The Hidden Hazards of Electrical Maintenance
For electrical contractors, electricians, or technicians performing electrical maintenance activities in various settings, tasks can be divided into two broad categories: planned and unplanned. Planned maintenance includes activities that generally involve preventive and predictive maintenance tasks performed when the equipment can be “planned” to be taken out of service according to a schedule. “Unplanned” maintenance includes scenarios where a piece of equipment has an unexpected failure and requires immediate maintenance to make it operational again. Both categories include various hazards and risks that must be evaluated and mitigated, some of which are more obvious than others. The most powerful tool for protecting workers from hazards is knowledge.
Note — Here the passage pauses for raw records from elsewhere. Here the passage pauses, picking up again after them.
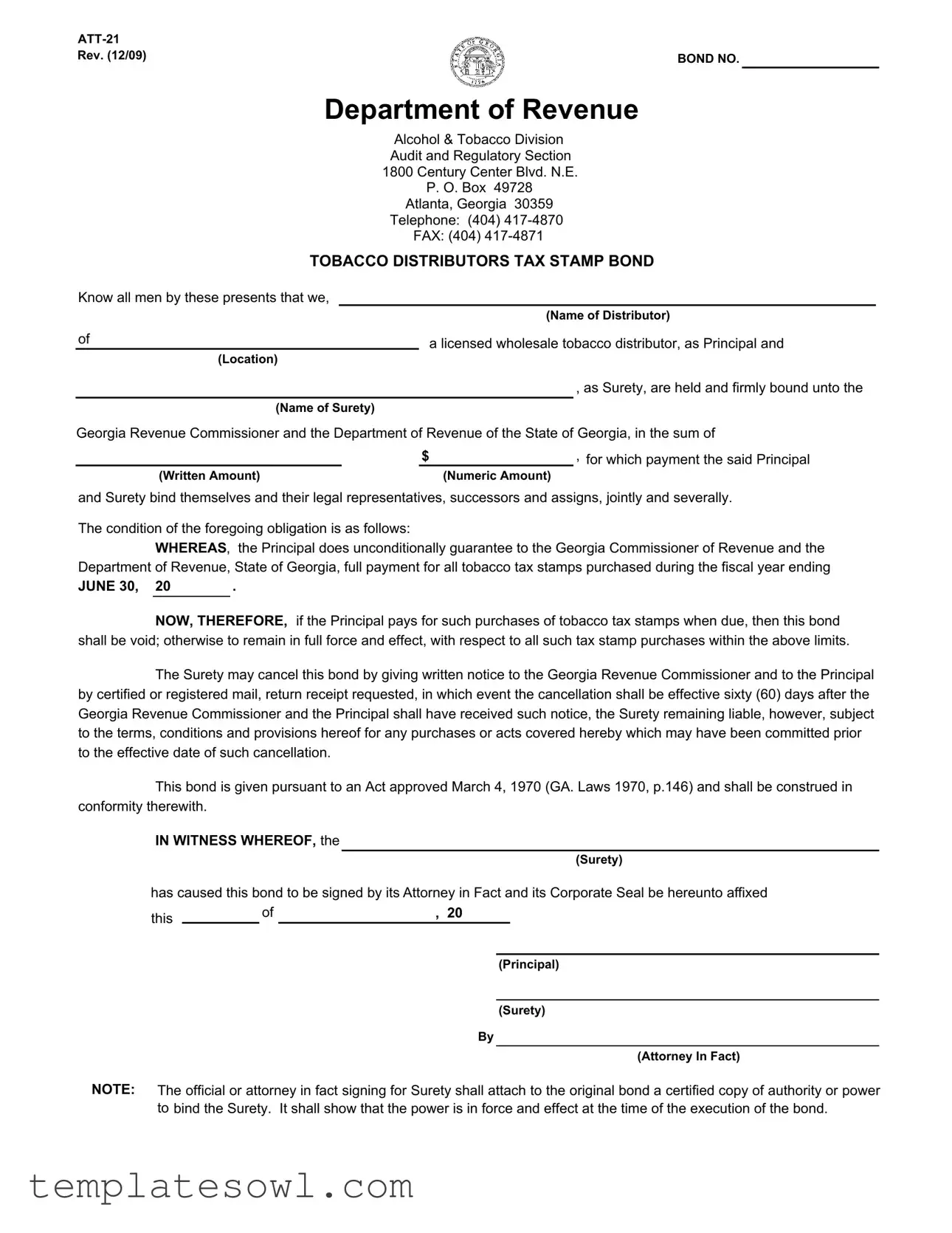 Fill Out Your Georgia Att 21 Form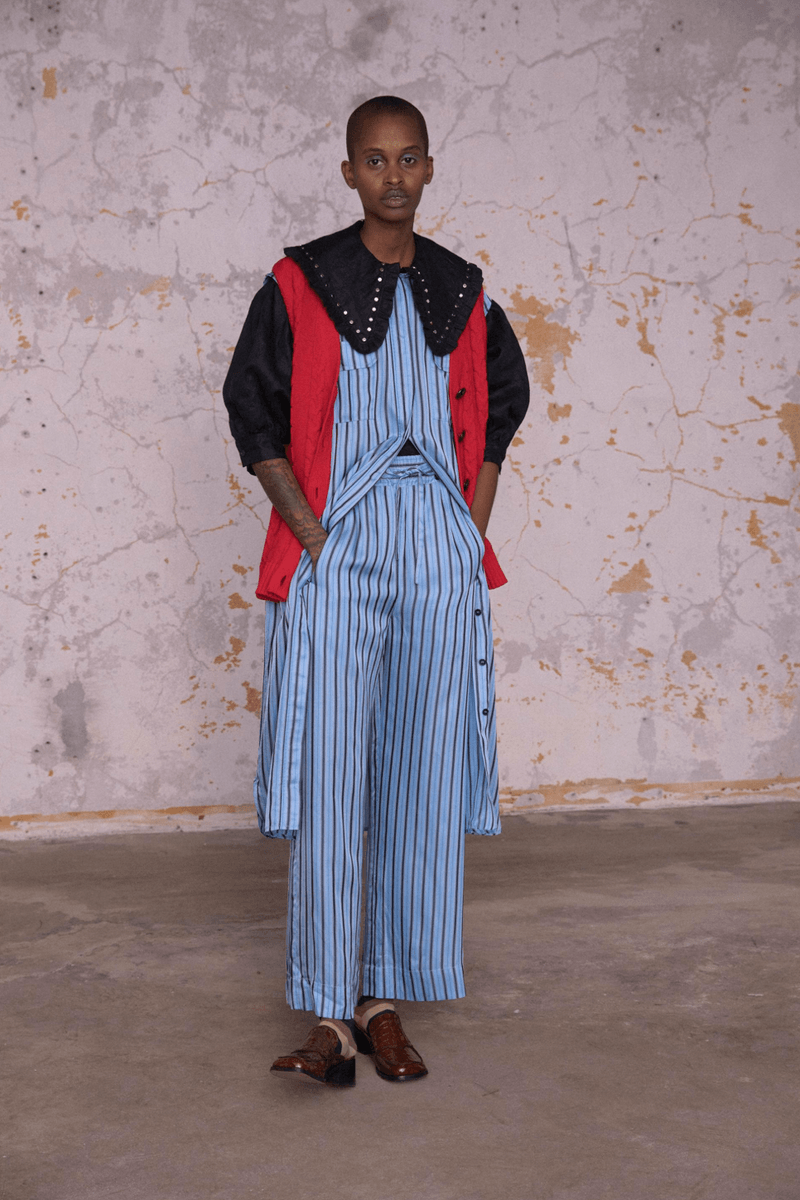 GANNI Pre-Fall 2020 Collection Lookbook Top Pants Striped Blue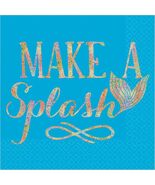 Mermaid Wishes Make A Splash Dessert Napkins Birthday Party Supplies 16 ... - $5.56 CAD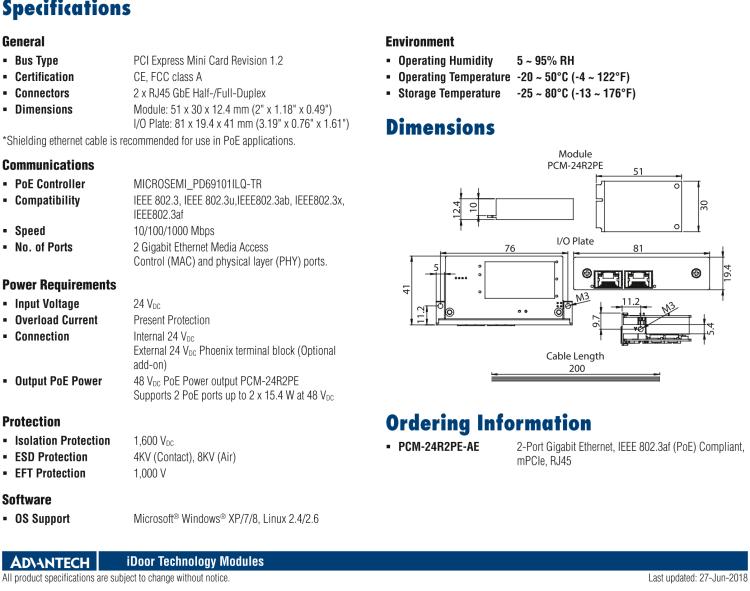 研華PCM-24R2PE 2端口千兆以太網(wǎng)，兼容IEEE 802.3af（PoE），mPCIe，RJ45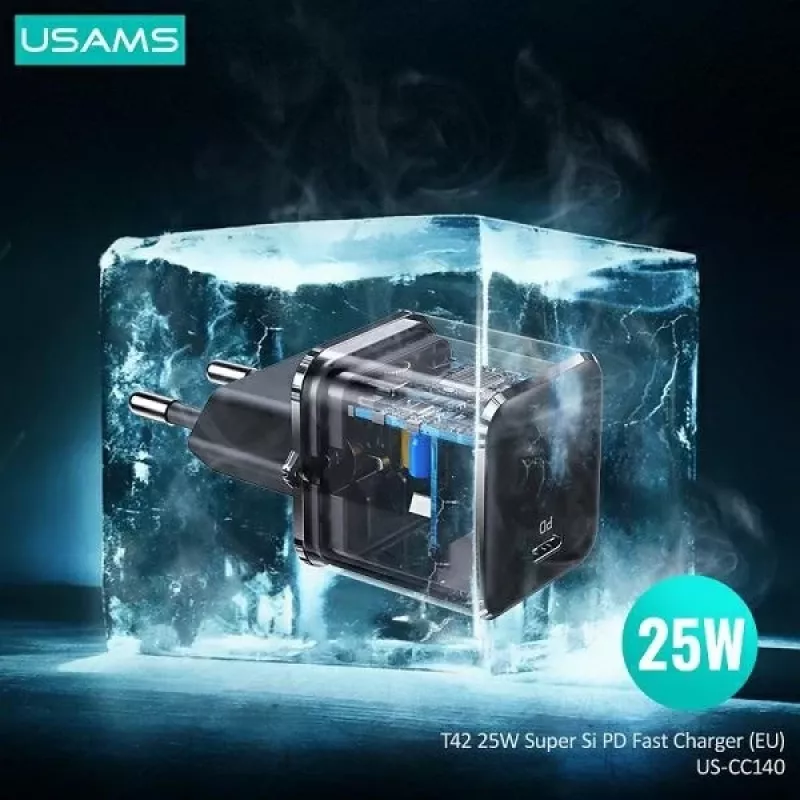 USAMS T42 Mini 25W Cargador Rápido USB-C PD3.0 (Solo Cabezal) Negro CC140TC01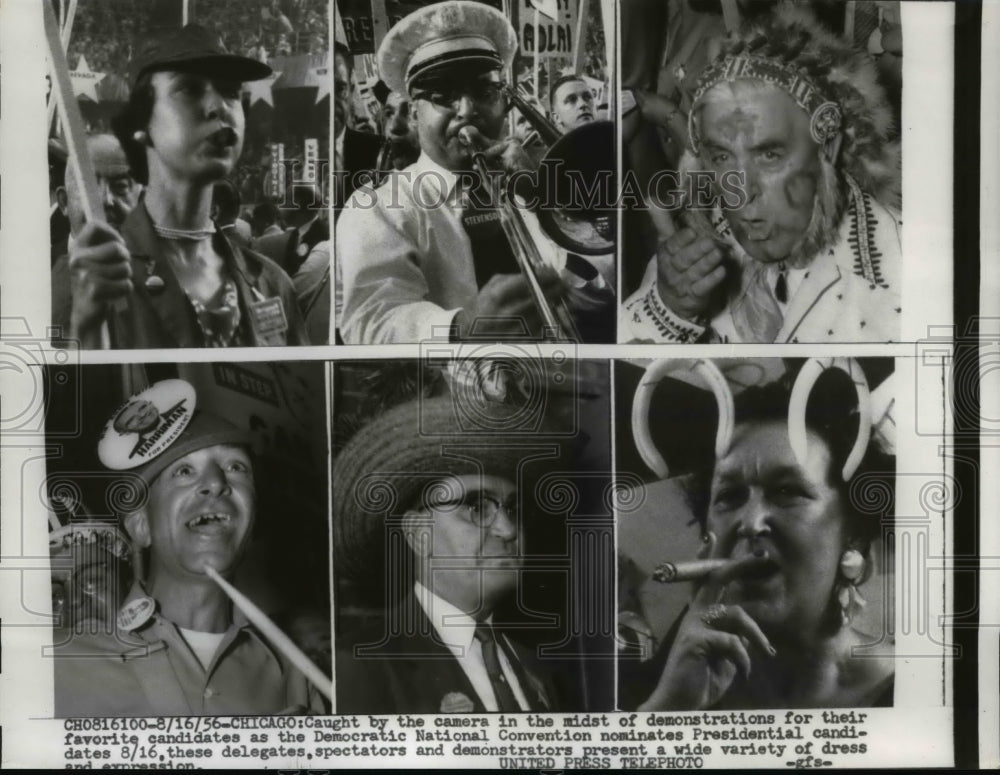 1956 Press Photo Delegates at Democratic National Convention Chicago Illinois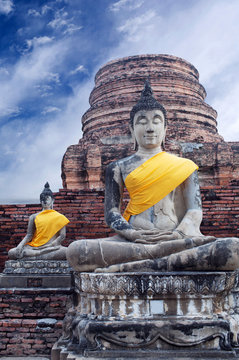 Buddha Statues at Wat Yai Chaimongkol in Ayutthaya, Thailand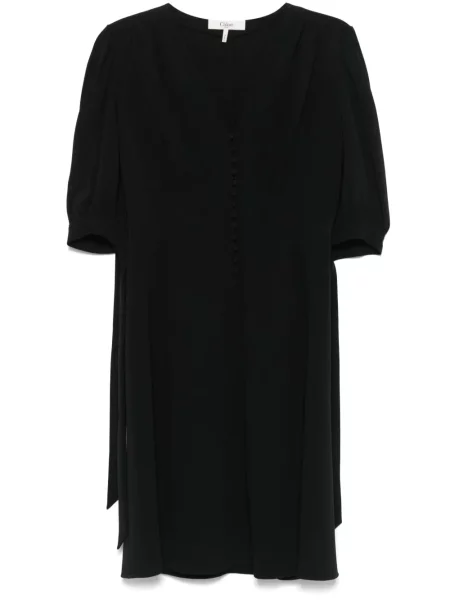 Rochie Chloé din crep de costum negru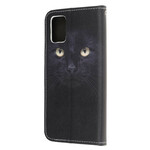 Samsung Galaxy A52 5G Capa de olhos de gato preto com cinta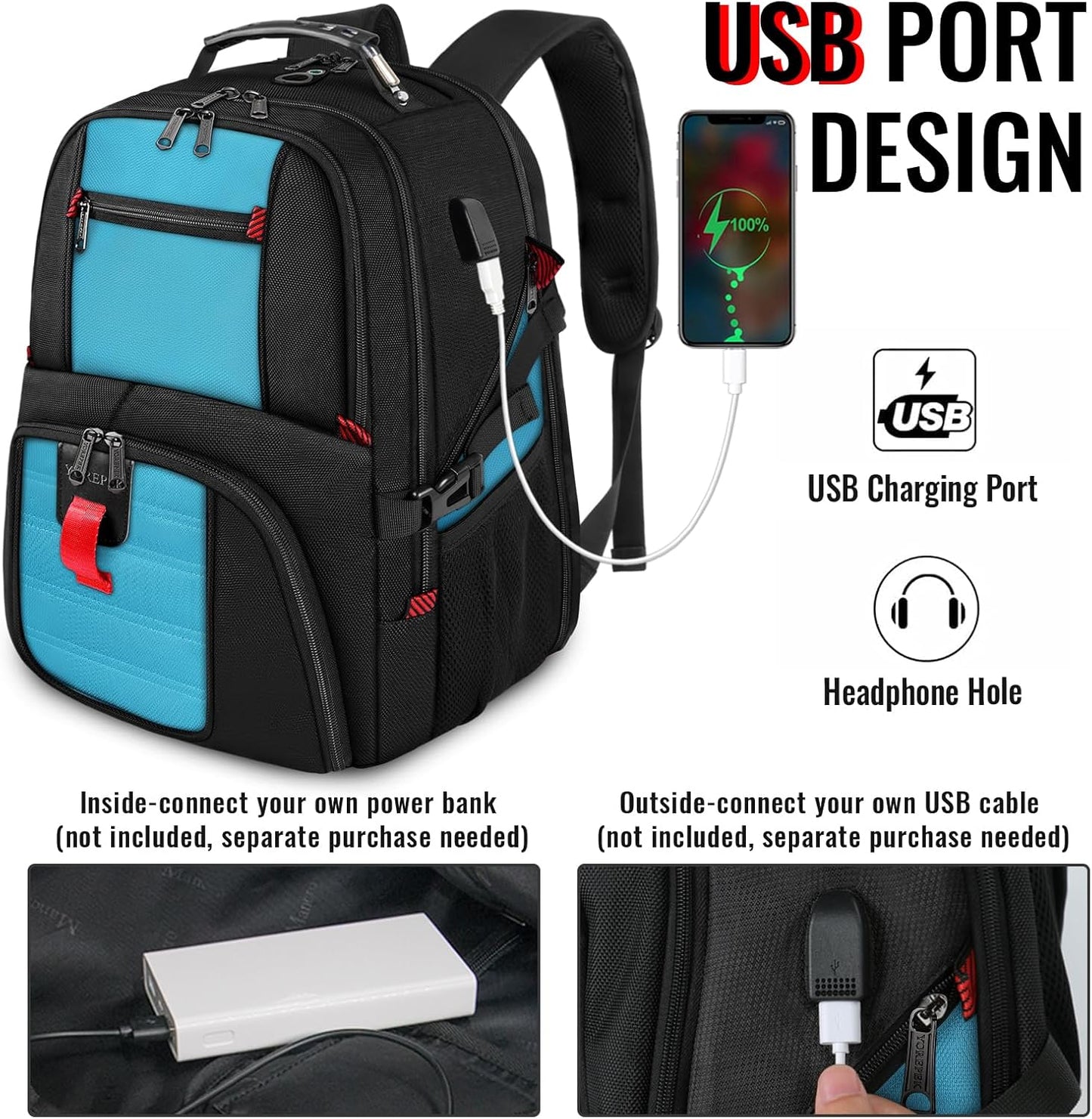 YOREPEK 18.4 Laptop Backpack, Large Backpacks with USB Charger Port, TSA Friendly Flight Approved Weekend Carry on Backpack with Luggage Strap for Men and Women, Blue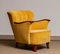 Fauteuil en Velours Jaune avec Détails en Acajou, 1940s 3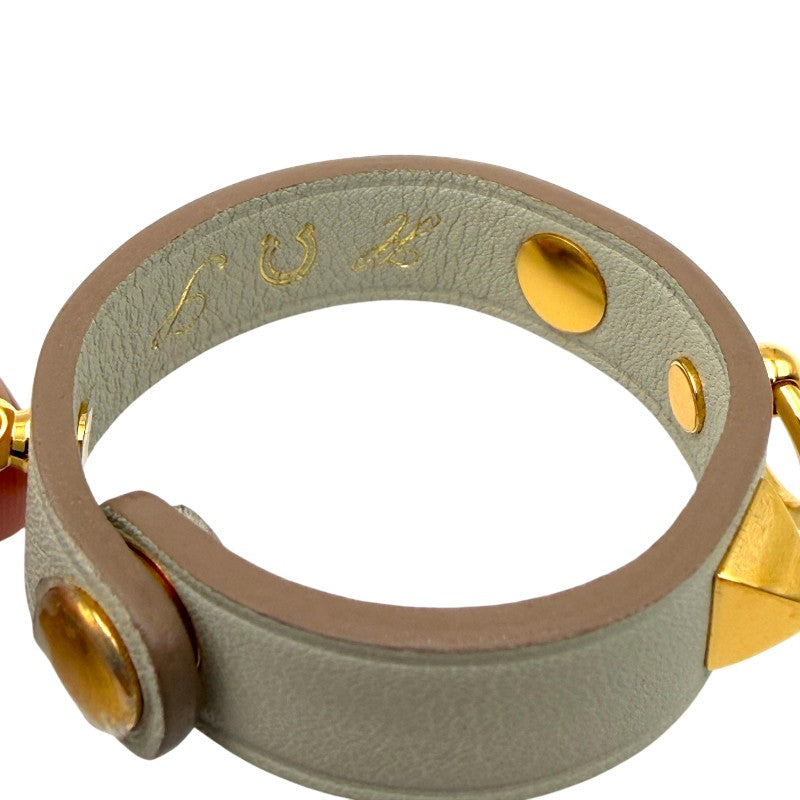 エルメス リヴァル グローブホルダー スイフト パールグレー ゴールド金具 イニシャル入り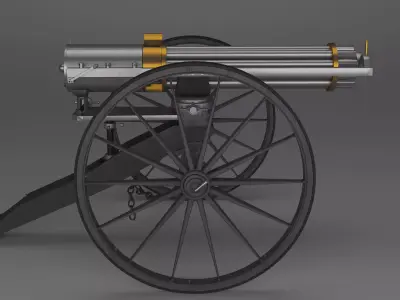 Gatling Gun 3D model get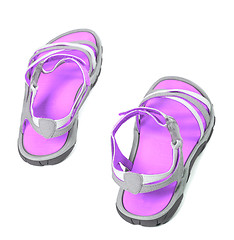 Image showing Summer sandals.Top view.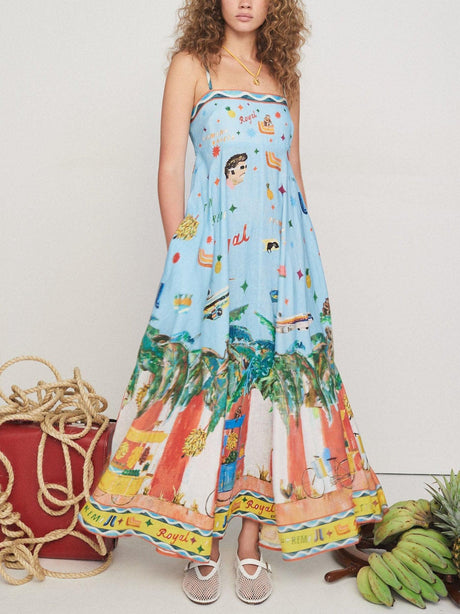 Aurohaya Unique Painted Island Print A-Line Midi Dress Blue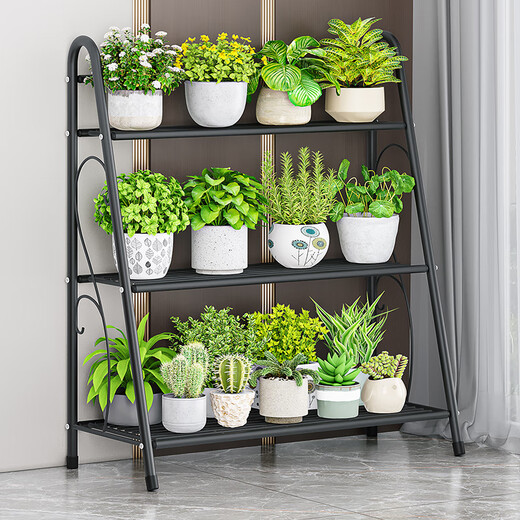 Wojia flower rack stepped balcony decorative flower rack floor-standing simple succulent flower pot rack layer rack storage flower rack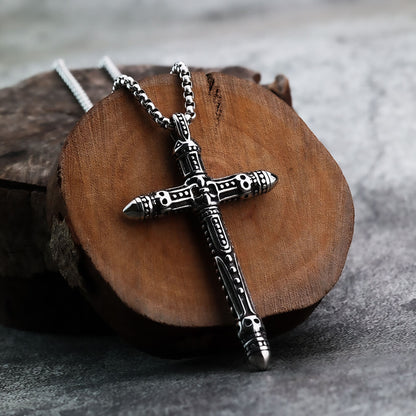 Vintage Stainless Steel Gothic Punk Engraved Pattern Cross Pendant Necklace for Men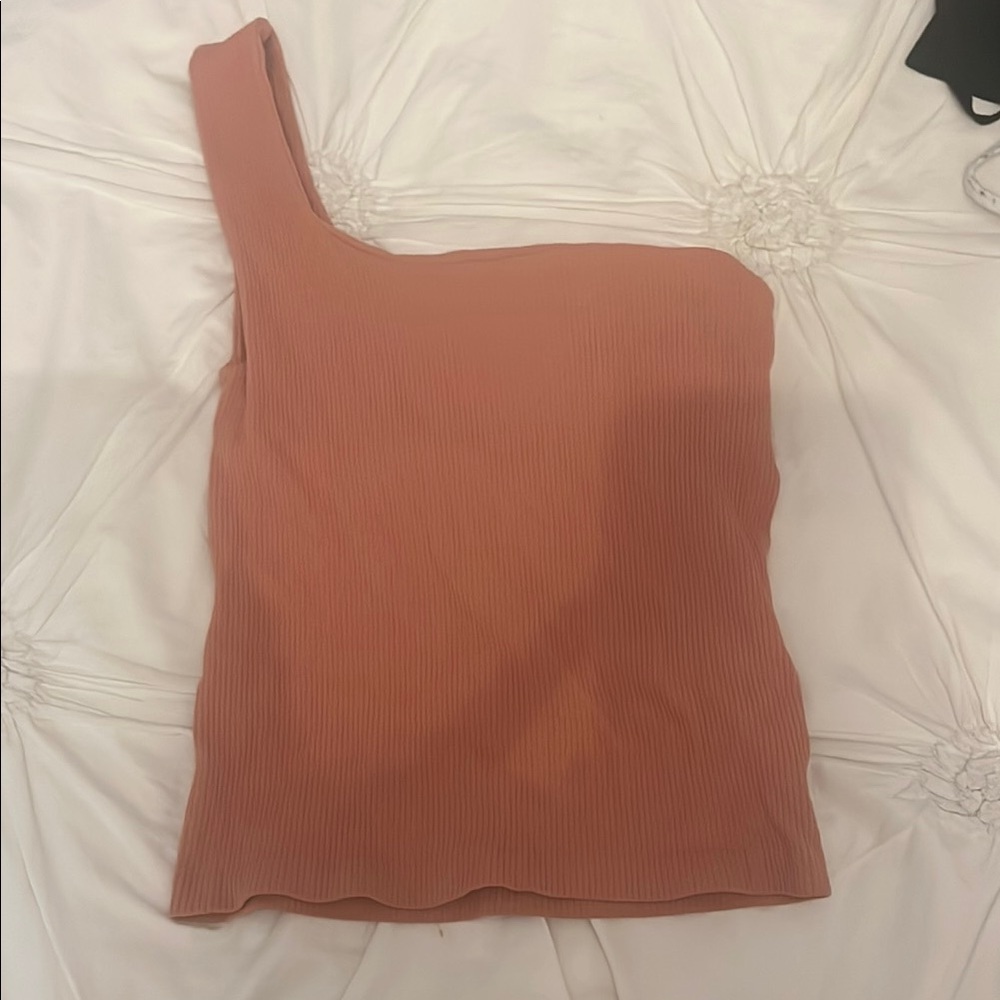 Free People Asymmetrical Fitted Tank Top in Orange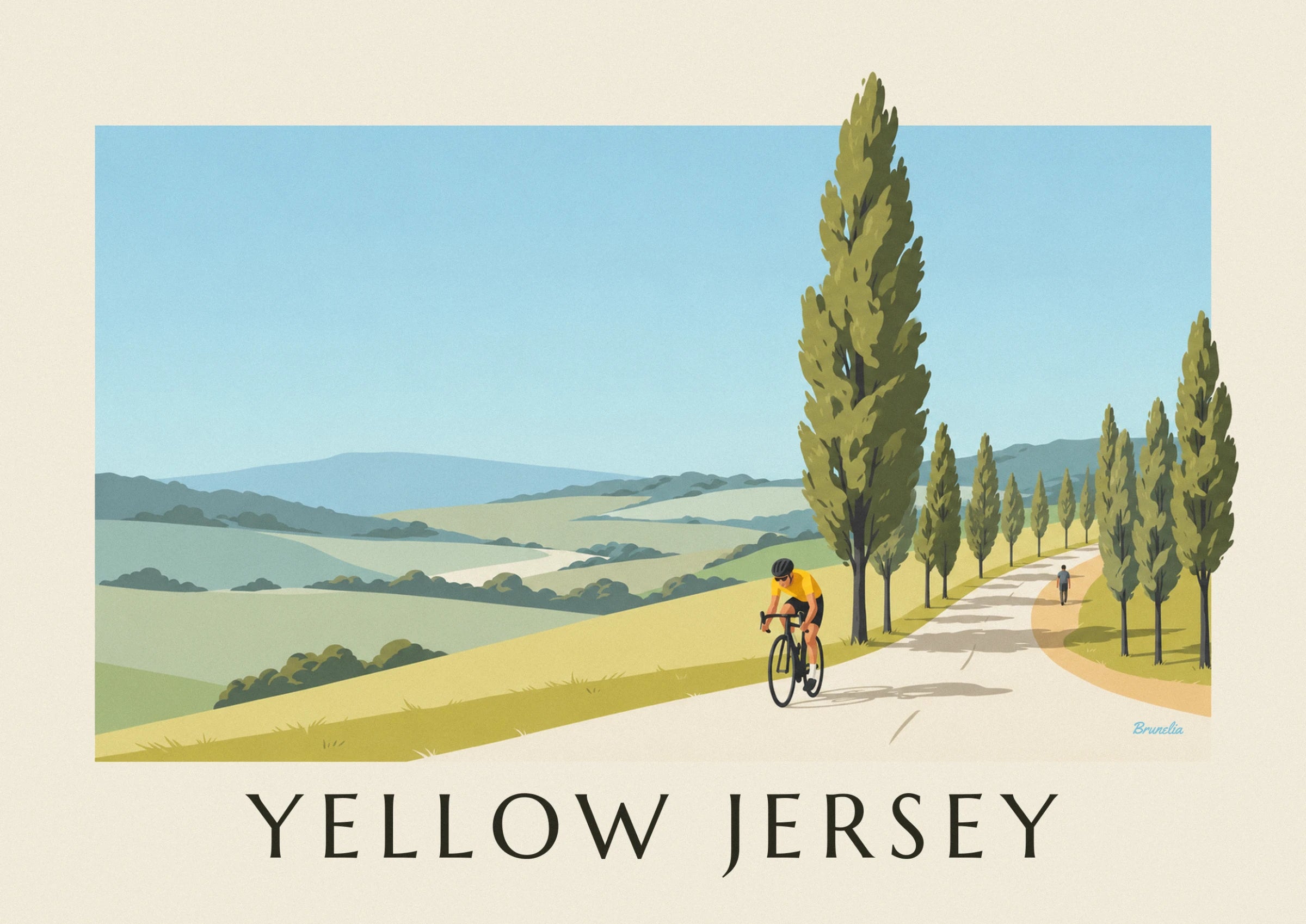 Le cycliste en maillot jaune et casque noir, penché sur son vélo de route, sous les peupliers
Knowing what hazards to watch out for and what tools/techniques are available for their protection helps electrical professionals spot hidden hazards before they strike.
Common hazards with planned maintenance
It is often believed that planned maintenance tasks are inherently safe because there is time to plan the job and consider potential hazards before the activity begins. It certainly is true that taking time to plan the work does increase the level of safety in executing the task, which is why OSHA and NFPA 70E require every electrical task to be planned. That plan should not only outline the steps to be taken, but also identify some of the potential hazards along the way. One of the biggest risks for planned maintenance is the mindset of “this is all de-energized and safe,” which often causes workers to let their guard down. However, de-energizing the equipment is not enough; it must be placed in an electrically safe work condition per NFPA 70E Art. 120 (see Table).
Only when the equipment is in an electrically safe work condition is it considered electrically safe and free from electrical hazards. However, one often overlooked hazard comes during the process of putting it in and out of that electrically safe work condition. Depending on the equipment and the voltage levels, the act of opening and closing the means of disconnect could pose an electrical hazard.
A risk assessment must be performed to determine what electrical personal protective equipment (PPE) is required to operate the disconnect device. Putting the equipment back into service after maintenance can carry even more risk due to potential human error. Devastating equipment failures have occurred as a result of a protective ground being left on a conductor inside an enclosure.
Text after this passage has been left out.